Your goal — Write an exact copy of the entries below that leaves out all pictures.

Entries shown —
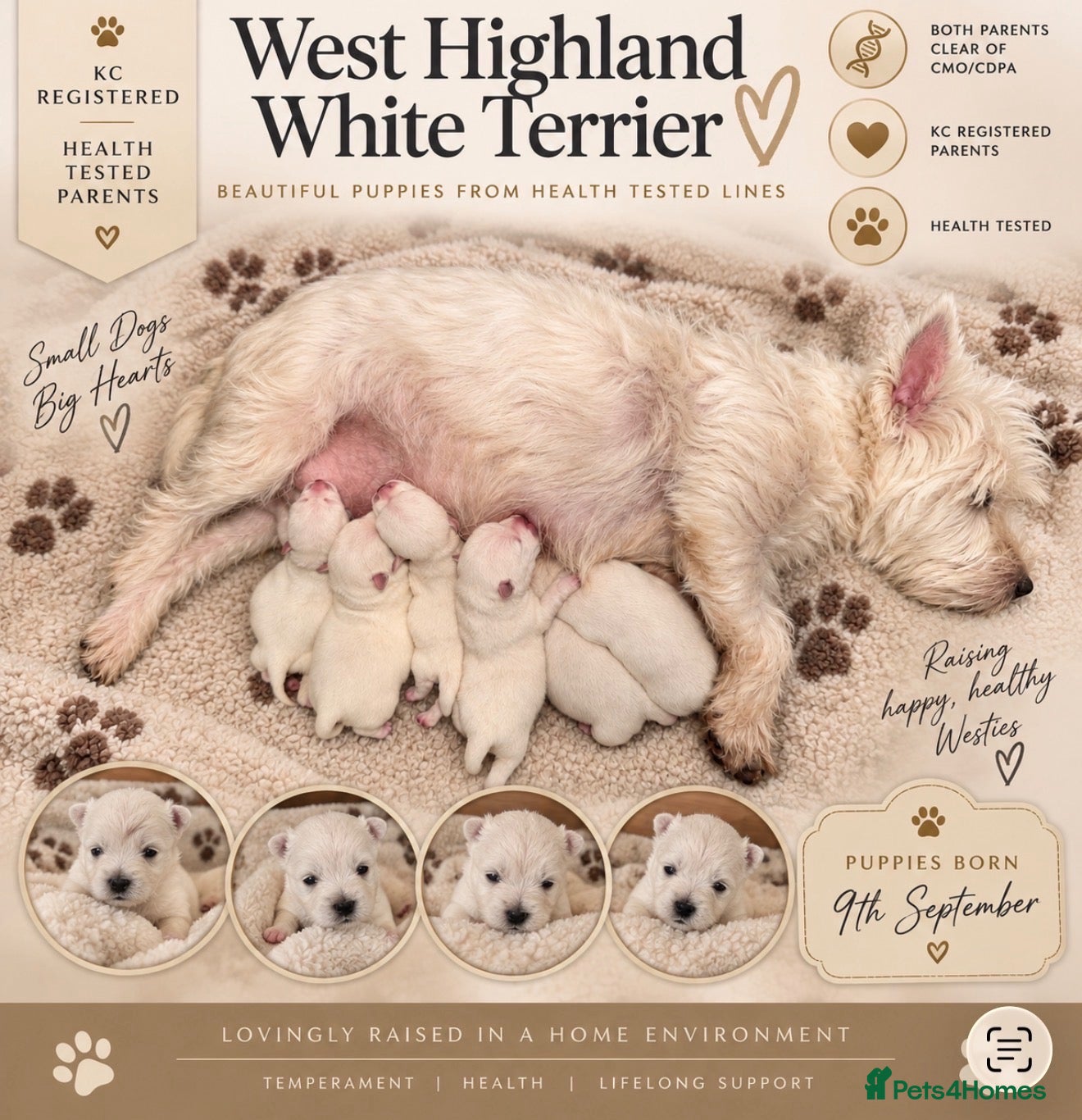 West Highland Terrier dogs Exceptional Westie Puppies🧬Health Tested Parents - Advert 2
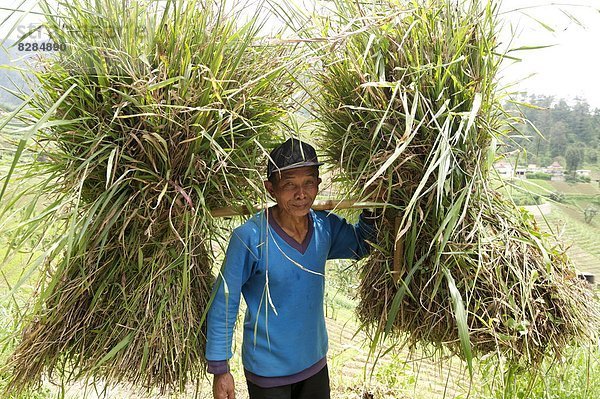 Mann  tragen  gehen  Stange  Reis  Reiskorn  Mittelpunkt  Stroh  Bambus  Bündel  Südostasien  Asien  schwer  Indonesien  Java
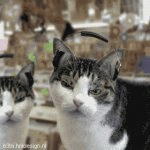 House Cats (animated)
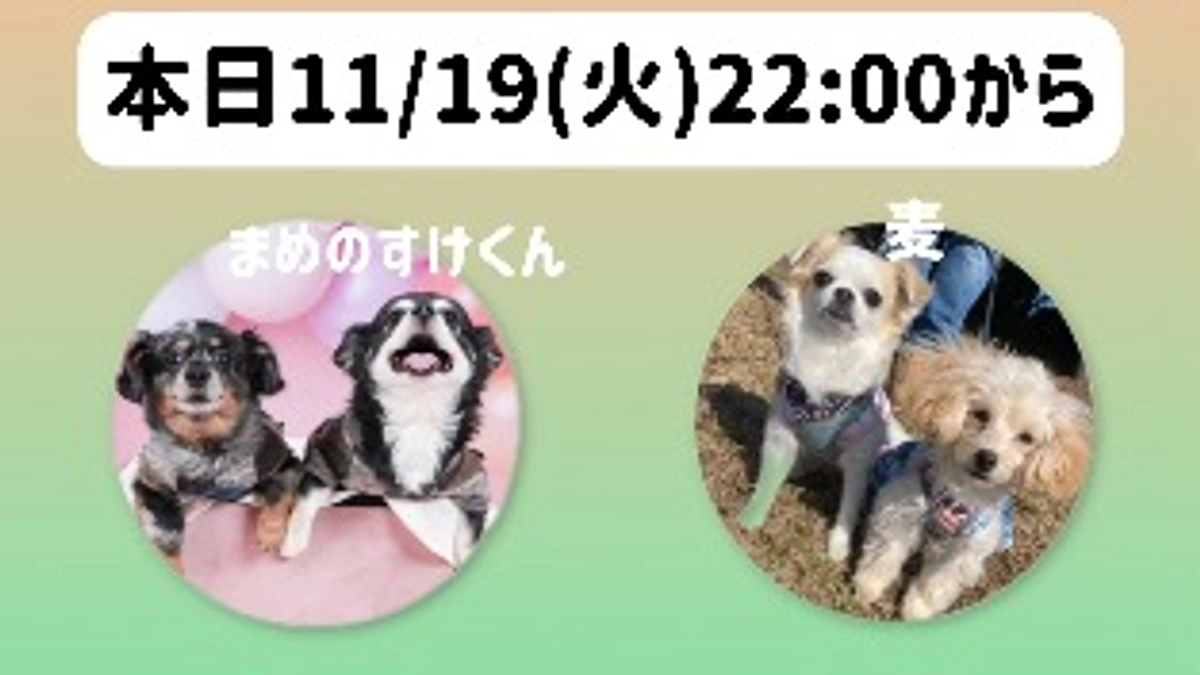 本日22時からインスタライブします🌟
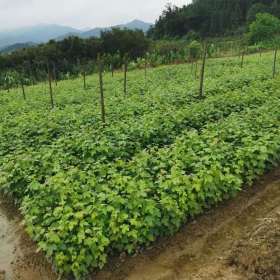 一年生枫香小苗价格 地径2公分枫香小苗上车价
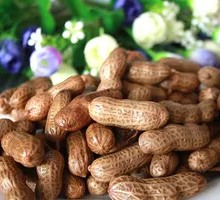 Boiled Peanuts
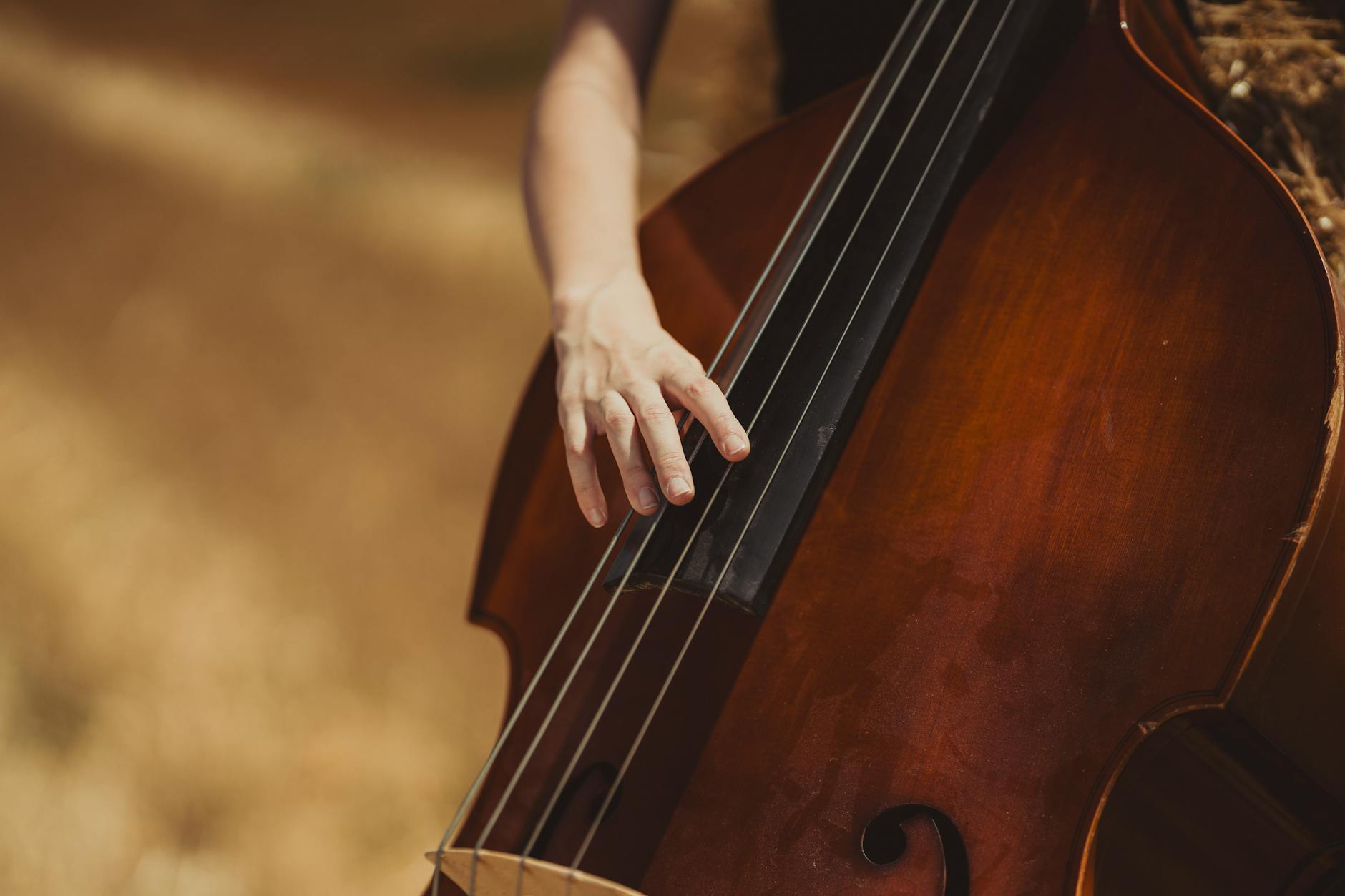 Dłoń muzyka szarpiąca struny kontrabasu w ciepłym, plenerowym świetle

Completed task —
 West Highland Terrier dogs Exceptional Westie Puppies🧬Health Tested Parents - Advert 2
 Mann  tragen  gehen  Stange  Reis  Reiskorn  Mittelpunkt  Stroh  Bambus  Bündel  Südostasien  Asien  schwer  Indonesien  Java
 House Cats (animated)
 本日22時からインスタライブします🌟
 一年生枫香小苗价格 地径2公分枫香小苗上车价
 Boiled Peanuts
 Dłoń muzyka szarpiąca struny kontrabasu w ciepłym, plenerowym świetle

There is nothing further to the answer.